Saint Henri West

Here is a photograph by Dylan.

This is the eastern section of the Turcot Interchange heading towards downtown as it becomes the Ville Marie Expressway. In the background we see some triplexes of western Saint Henri, or an area known to some as Turcot Village, often cited as being one of the poorest parts of the city.
This part of town was once known as Les Tanneries, named for the local industry, and it covered the area of Saint Henri that runs into present day Turcot Yards.

The Comittee des Citoyens du Village des Tanneries is working to make a difference in the area. In May of 2005, over 2000 trees were planted along the road that leads to Turcot Yards.

Photo by Mahaut Ricciardi-Rigault

You can read the always awkward google translation of this page.

It’s a terrific idea and, given the enourmous costs of decontamination estimates brought up by potential developers, an inspiration to community based groups everywhere. More to come….

A Community Kitchen Garden Takes Form

Dylan’s, aka Richard Nixon, Saint Henri Photos


7 responses to “Saint Henri West

  1. Pingback: Housing To Be Demolished « Walking Turcot Yards·

  2. I attended two of the MTQ public information sessions (the first geared towards reps of various community groups); the general public has no clue what questions to ask and the MTQ is happy to take advantage of this…it buys them time. They could have easily invited those residents most affected by the reconstruction but they say it’s ‘too early to alarm people’ (!?)

    They skate around the specifics of how many / who is at risk of being bought out … yet at the earlier session attended by community activists who asked the hard hitting questions it was clear that the loft building on St Remi (250 people)? …Disappears; …the twenty triplexes on the north side of Cazelais and north /west end of Desnoyers…Gone ! MTQ response? They say that perhaps only a third of some back yards might go …that’s good isn’t it?

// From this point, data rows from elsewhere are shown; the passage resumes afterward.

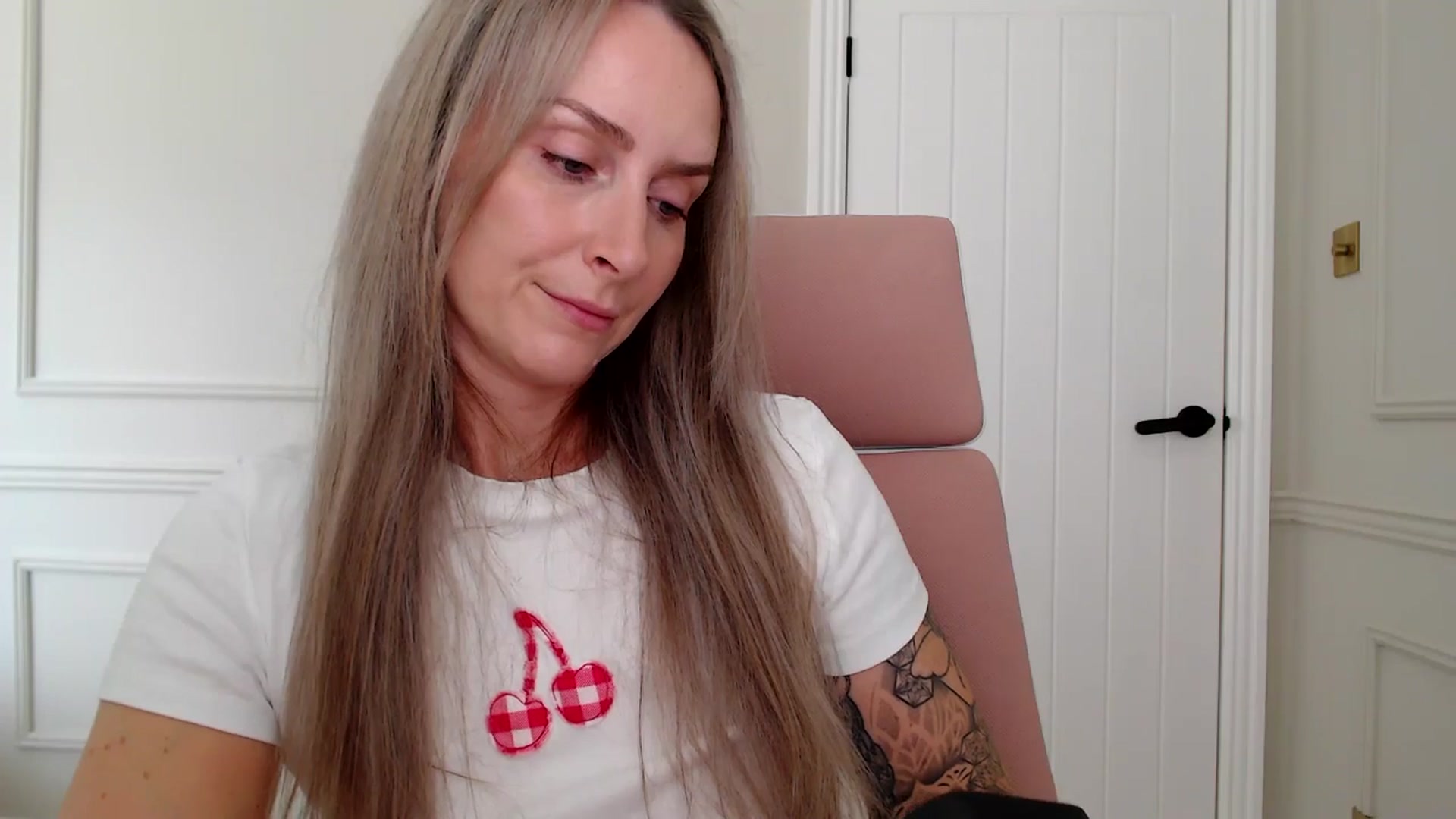 Gallery image thumbnail from Boob_Jiggler's myfreecams stream on, 09/19/2025, 13:33 image 12 of 20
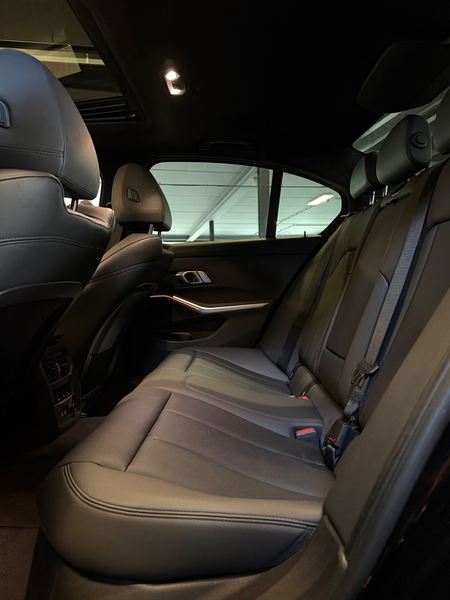 BMW 330 3-serie 330i M Sport|Full option — photo 27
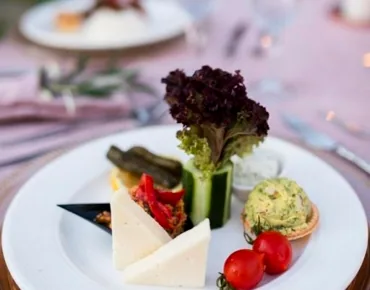 set-menu-yuvarlak-masa-dikdörtgen-ortulu-masa-ahsap-masa-dugun-nisan-isteme-catering-hizmeti-baslangic-tabagi-mezeler-masa-duzeni-tabak-dekoru-servis-hizmet 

    And what about the houses across the street from the devastation? How much do you think their property will be worth? The MTQ tries to reassure that the sound wall, eventually constructed will likely possibly add to the homes property value… Are you convinced?

  3. Did I mention that all the rental units if destroyed, will mean that there will be hundreds of affordable apts in St Henri …that disappear…unless we insist that the MTQ invest needed money to build more of the same.

    There is indeed MUCH that can be done! The Consortium de Recherche Urbaine has an alternative proposal to the MTQ version that spares the Village des Tanneries;

    Solidarité St Henri and the Green Coalition are working with various University Research Groups are on the case too…

    Each of us has to stand up and mobilize, continue to get involved in making the ‘hood as vibrant as possible. Join the CCVT (citizens’ committee), volunteer some time…Dare to make a difference… Remember David and Goliath… The Casino project… Anything is possible ! … And this community deserves a better future after the history they’ve had.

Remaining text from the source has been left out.